Her şey çok tanıdık Emrah Polat’ın kitabında 40’lı yaşlarındakiler için… Hele de Ankara’da yaşamış olanlar için. Kitabın ilk cümlesi nedense hep Ankara’nın ‘’yenilmiş ama –anılar nedeniyle- ezilmemiş’’ çıktığı o ezeli rekabete gönderme yapıyor. Gönderme de değil aslında doğrudan ‘’Bir nedenle İstanbul’a gidemeyenlerin ya da orada tutunamayanların kenti olan Ankara’da (…) ‘’ diye başlıyor. Kitapla birlikte zamanda ve mekanda bir Ankara turu da atmış oluyorsunuz ve zamanın ruhuna uygun karakterlerimiz Abdullah Cevdet Sokak’taki Gelidonya Feneri’nde buluşuyor ‘’iki tek atmak için.’’ Arif’le Orhan hapisaneden tanışık. Nazım ise eski yoldaş’ın emaneti… Sadece ‘’kayalara benzer biçimlerin arasından çıkan yumruk’’ figürüyle kurulan bu bağlantıdan Nazım habersizdir, içinden hüngür hüngür ağlamak geçse de ‘’patron’’ Arif ‘’arkadaşı’’ için, ‘’kimi yok olan, kimi savrulan yaşamlar, arkadaşları…’’ için işe alacaktır onu.

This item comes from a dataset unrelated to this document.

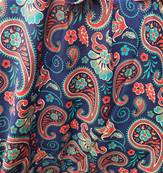 Pantalon large resserré aux chevilles fleuri bleu et rouge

Arif’ler arada bir iç sızısıyla, ‘’iyilik yapacak’’ mertebeden hatırlasa da eski yoldaşlarını ve devrimcilik günlerini, Orhan’da o bile yoktur; ‘’kalmamıştır’’ değil zaten yoktur… Çokları gibi sol mahalle efradı olmaktan sebep tutuklanmış, bu arada karısı-çocukları ve asıl önemlisi ‘’ev açtığı Nazan’’ ortalıkta kalmıştır. ‘’Aile’’ idare etmiştir bir biçimde o çıkana kadar, ama Nazan ‘’idare edememiştir’’. Belki de 12 Eylül en çok Orhan’ları, Nazan’ları dağıtmıştır bir daha toparlanamayacak biçimde. Solcuların, devrimcilerin içerden çıkınca ‘’deneyebilecekleri’’ yeni bir hayat vardır, dahil olmaya çalışacakları bir gündelik hayat, bir sıradan hayat vardır ama Orhan gibiler zaten o sıradan hayatı yaşadıkları için ve ellerindeki bu tek hayat da telafi edilemez biçimde parçalandığı için öylece ortalıkta kalmışlardır. Arif’i kınayabiliriz ama Orhan’ı ya da Nazan’ı kınamak içimizden gelmez Yüzler’i okurken. Olduğu gibidir onlar çünkü, hayatlarını rayından çıkaracak şeylerin kararını kendileri almamıştır. Kondularında ‘’soğuk kış gecelerinde birbirlerine sarılıp uyumak ‘’ tan öte dünyanın gamıyla, yüküyle ilgili değillerdir zaten. Ama 12 Eylül’den sonra dibe vuran Arif gibilerin hayatından çok onlarınki olmuştur nedense. ‘’Halkımız’’ da bir türlü toparlanamamıştır ya zaten Orhan’la Nazan gibi… Orhan Arif’i, Arif’le birlikte toy Nazım’ı çeker götürür bir Ankara pavyonuna ve Nazım racona kurban gider.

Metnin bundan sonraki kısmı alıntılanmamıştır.